What the task asks: Take the records below and extract, word for word, the lines from the one containing "Custom Suite over" through the final line, inclusive. Omit pictures.

Task input:
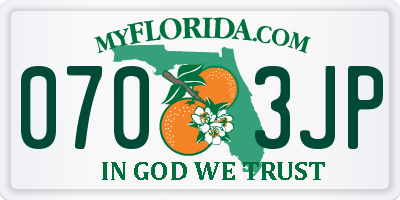 FL license plate 0703JP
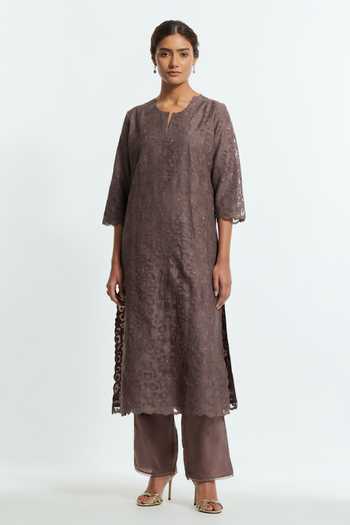 Shop Kora Grey Silk, Organza Round Neck Applique Work Kurta Pant Set Online at Aza Fashions Shop_Kora_Grey Silk, Organza Round Neck Applique Work Kurta Pant Set _Online_at_Aza_Fashions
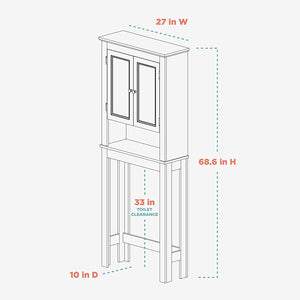 Custom Suite over the Toilet Storage, 2-Door Bathroom Spacesaver, Cabinet with 3 Tiers of Storage, White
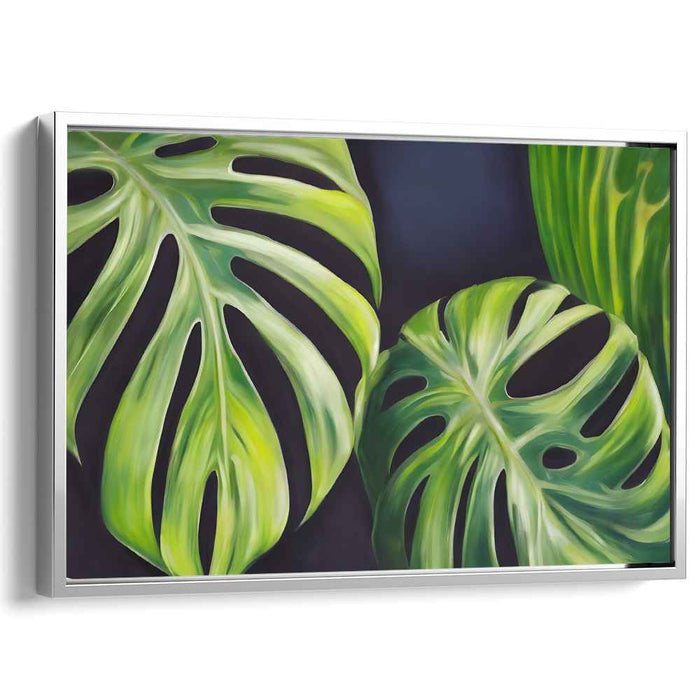 monstera plant art print Veins of Jungle Serenity: Realistic Monstera Leaf Canvas Art Print — Kanvah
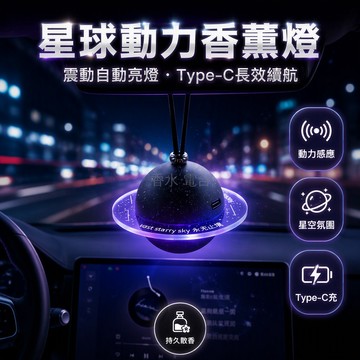 台灣出貨✨ 星球汽車掛件 車載香氛擺件 感應七彩變色燈 持久淡香氛圍燈 海洋小蒼蘭香 黑色灰色款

Reply to the exercise:
 Custom Suite over the Toilet Storage, 2-Door Bathroom Spacesaver, Cabinet with 3 Tiers of Storage, White
 monstera plant art print Veins of Jungle Serenity: Realistic Monstera Leaf Canvas Art Print — Kanvah
 台灣出貨✨ 星球汽車掛件 車載香氛擺件 感應七彩變色燈 持久淡香氛圍燈 海洋小蒼蘭香 黑色灰色款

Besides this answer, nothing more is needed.